I looked down at the meadows, heard her voice there, the crows’. Every morning when I heard them, I looked for her. That still tricked me.
My mother scrubbed my armpits, then my neck. Held my face in her hands that smelled like wax on the brown soap. I didn’t say that I was cold. Sometimes I talked to her, and sometimes I didn’t.
I looked back upstream, saw the water run the dips around the big boulder, like the hump of a submerged animal. My mother turned my face back toward her. Kissed my forehead, wiped it with the back of her hand. She pursed her lips.
I said, “I love you too.”
• • •
The Tioga Road took two months, clearing slash all the way to the Meadows, like beaver dams piled above ground.
The other workers were college boys, here for summer employment. Joking with girls at Valley parties on the weekends. I’d seen those Housekeeping parties and wondered about the beach girls, their tight tank tops on cold evenings, red cups of beer, screaming for no reason. I wanted to be in the middle of one of those parties, hear the music from inside the house, smell the perfume and sweat and beer.
Our work crew was underneath Pywiack Dome in early August, off Lake Tenaya, the mosquitoes awake, waiting in the shade, sucking at the wets of our eyes. The sun turned around a grove of trees baking flakes of skin off the tops of our shoulders. I smelled the lake behind me, waiting to swim.
She came on a Thursday, two days before the weekend. The only girl ever. Too pretty for our crew.
I couldn’t talk to her, but everyone else did, like the Village store lines. Every boy on the crew already there, shirtless, working close, talking and joking at her, throwing pinecones back and forth over her head.
After an hour, the crew chief yelled at them. He said, “All the brush doesn’t lie in one spot, boys.” He smiled and said, “Lucy.” He motioned with his finger.
He talked to her about her paper forms. He leaned in close to point things out on the clipboard. She didn’t seem to notice.
When she went back to work, I watched the way sweat dropped down from her forehead off the end of her nose, how she itched her face with the front of her shoulder, turning her neck. How her braids kept catching in her mouth as she leaned over the slash piles, her black hair like the finished burn.
I watched the neckline of her T-shirt where she’d cut the collar out, dropping it open. That was Thursday.
On Friday, I worked and tried not to look at her. She was too much to watch and everyone was staying near her.

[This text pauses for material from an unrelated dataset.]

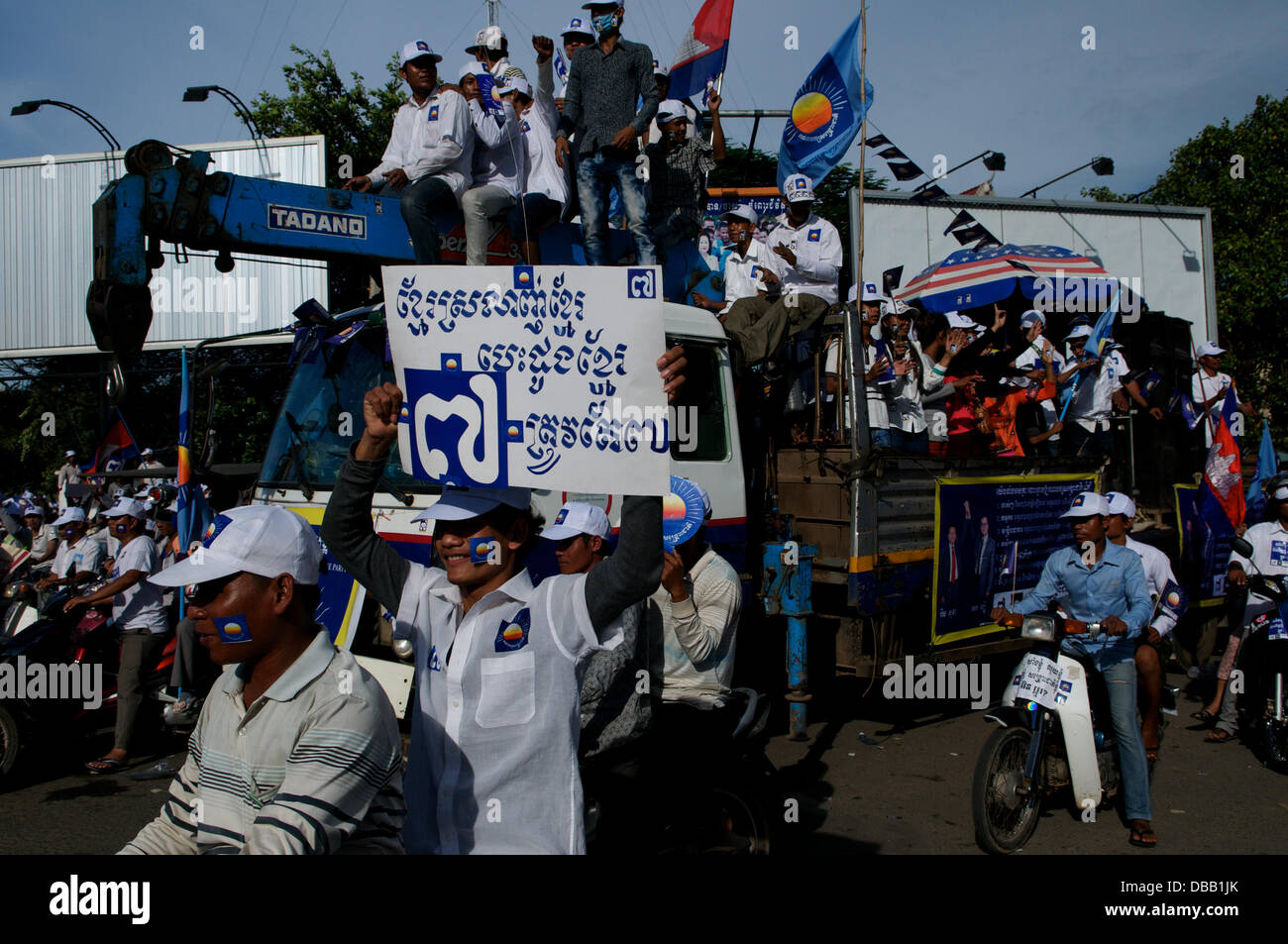 Phnom Penh, Kambodscha im Juli. 26., 2013. Sam Rainsy Anhänger mit Schildern, wie sie durch die Straßen von Phnom Penh fahren. Sam Rainsy ist seit 2009 im Exil in Frankreich. Er war eine königliche Begnadigung gewährt, des Königs von Kambodscha & am 19. Juli 2013 wieder in Kambodscha. Bildnachweis: Kraig Lieb / Alamy Live News Stockfoto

I collected brush in the trees. Thought of finishing the day and getting to swim before dinner. I was the only one camping at the lake on the weekends, in one of the crew’s wall tents, everyone else going back to the Valley to see friends, to drink, to buy food that they couldn’t get in the Meadows store.
As soon as the group left each Friday, I climbed an easy route on Pywiack, feeling the granite on my palms and fingertips, the knobs on the lower dome, then the cracks, climbing past the chopped bolts into the systems up high.
On clear evenings, I liked to lie on top of the dome and watch the stars drop down. It was like submerging in the reed shallows above Mirror Lake, turning with the slow current until Half Dome disappeared, everything multiplying, pine needles, snags, blades of grass. The barely visible molecule circles in the air.
• • •
I was scraping moss off a boulder with my boot, early Friday afternoon. Lucy was out to my right. I’d worked back toward her.
She stood up. “Is anyone staying up here this weekend?”
I stopped scraping.
Other workers shook their heads.
“Nobody?” she said.
The crew chief picked up his water bottle and pointed at me. “The Valley kid is. Tenaya.” He took a drink. “The one with long hair. He stays up here every weekend.”
Lucy looked at me. “You’re staying?”
“Yes.”
She smiled, one dogtooth turned backward, like a river pearl.